Mécanisme de subsidiarité pour les parlements nationaux : le Parlement se félicite de la participation plus étroite des parlements nationaux au processus législatif européen. Des initiatives pour améliorer l'évaluation des questions européennes par les parlements nationaux sont ainsi proposées par le Parlement, en particulier une assistance aux parlementaires nationaux pour quils puissent exercer leur pouvoir de contrôle.
Sur la question de la subsidiarité, le Parlement indique qu'en 2011, la Commission a reçu 64 avis motivés, au sens du protocole n° 2, portant sur l'application des principes de subsidiarité et de proportionnalité annexé au traité, ce qui représente une forte augmentation par rapport à 2010. Le Parlement observe, néanmoins, que ces 64 avis motivés ne représentent que 10% de l'ensemble des 622 avis envoyés par les parlements nationaux à la Commission en 2011, dans le cadre de leur dialogue politique.
Il attire en outre l'attention sur le fait qu'aucune proposition de la Commission ne s'est vu opposer un nombre suffisant d'avis motivés pour entraîner, comme le prévoit le protocole, un réexamen de la proposition. Il constate, en revanche, que la procédure du «carton jaune» a été appliquée pour la première fois le 22 mai 2012 à une proposition de la Commission (proposition de règlement du Conseil relatif à l'exercice du droit de mener des actions collectives dans le contexte de la liberté d'établissement et de la libre prestation des services, ou proposition de règlement «Monti II»). Le Parlement souligne que si la Commission a retiré sa proposition de règlement, ce n'est pas parce qu'elle estimait que celle-ci contrevenait au principe de subsidiarité, mais parce qu'elle a constaté que cette proposition aurait rencontré des difficultés pour obtenir au sein du Parlement européen et du Conseil le soutien politique nécessaire à son adoption.
De manière plus générale, le Parlement estime que le mécanisme de contrôle du principe de subsidiarité doit être conçu et utilisé comme un instrument important de collaboration entre les institutions européennes et les institutions nationales et de dialogue entre les différents niveaux institutionnels du système européen à plusieurs niveaux.

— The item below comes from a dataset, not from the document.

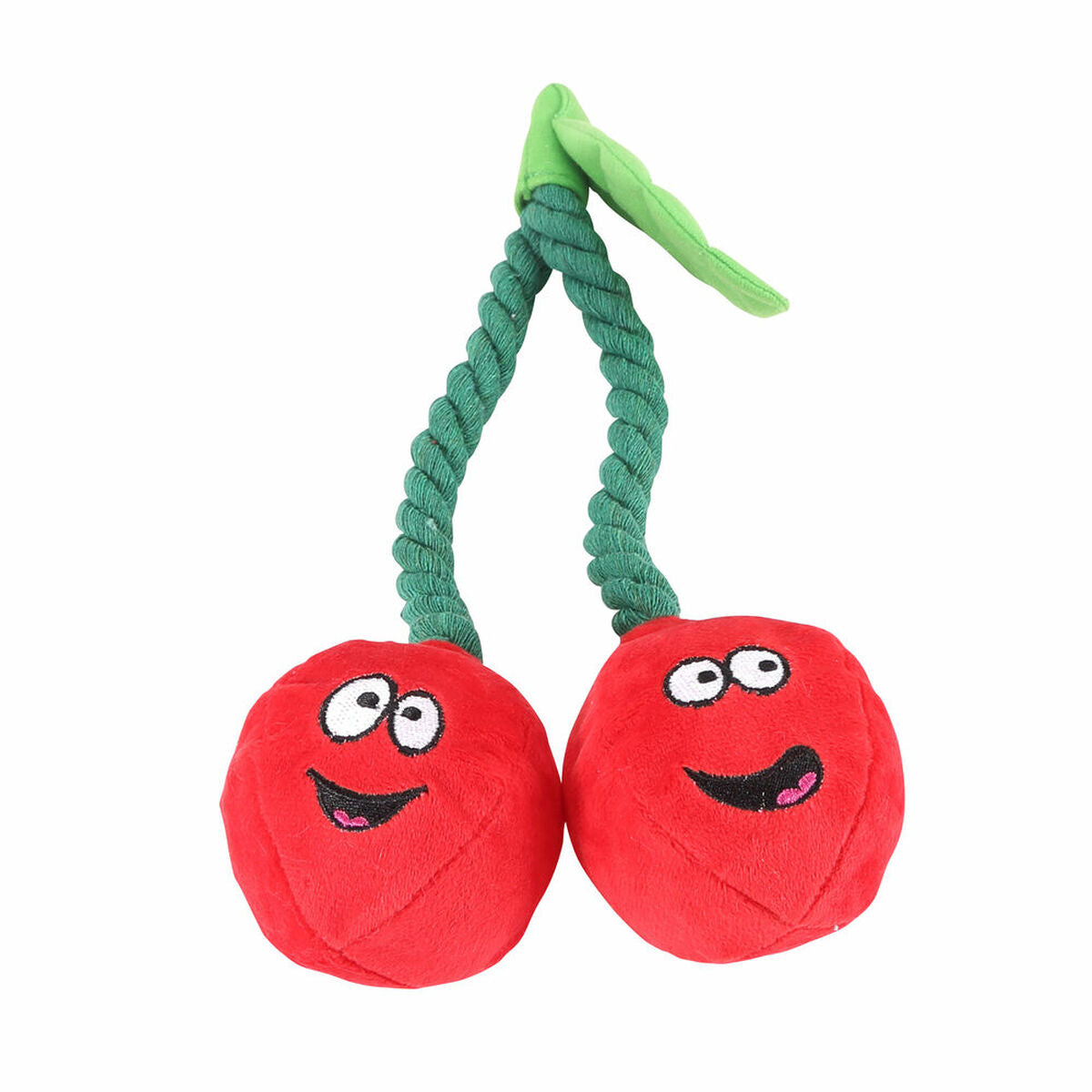 Dog toy Hearts & Homies Plush Cherry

Mieux légiférer : le Parlement demande instamment à la Commission de formuler des propositions concrètes pour réduire le fardeau réglementaire global de l'Union sans amoindrir le niveau de protection de la santé et de la sécurité au travail. Les mesures suivantes sont ainsi suggérées :
- explorer la possibilité d'introduire une étape «livre blanc» au cours du processus législatif pour permettre aux parties prenantes de formuler des observations sur les projets de propositions et les analyses d'impact provisoires afférentes ;
- présenter des propositions pour l'introduction d'un mécanisme de compensation réglementaire, qui voudrait que, lorsqu'une nouvelle législation impose un coût aux entreprises, une compensation équivalente soit envisagée et présenter une analyse de ses effets avant la fin de la législature actuelle en 2014.
Analyses dimpact et valeur ajoutée européenne : le Parlement insiste pour que la Commission examine sérieusement les analyses de la valeur ajoutée européenne qui accompagnent les rapports d'initiative législative, en exposant en détail les motifs pour lesquels elle rejette, ou considère comme non pertinents, les arguments mis en avant par le Parlement. Il se félicite enfin de l'évolution positive des évaluations d'impact au sein du Parlement et propose que celles-ci intègrent une dimension territoriale, le cas échéant.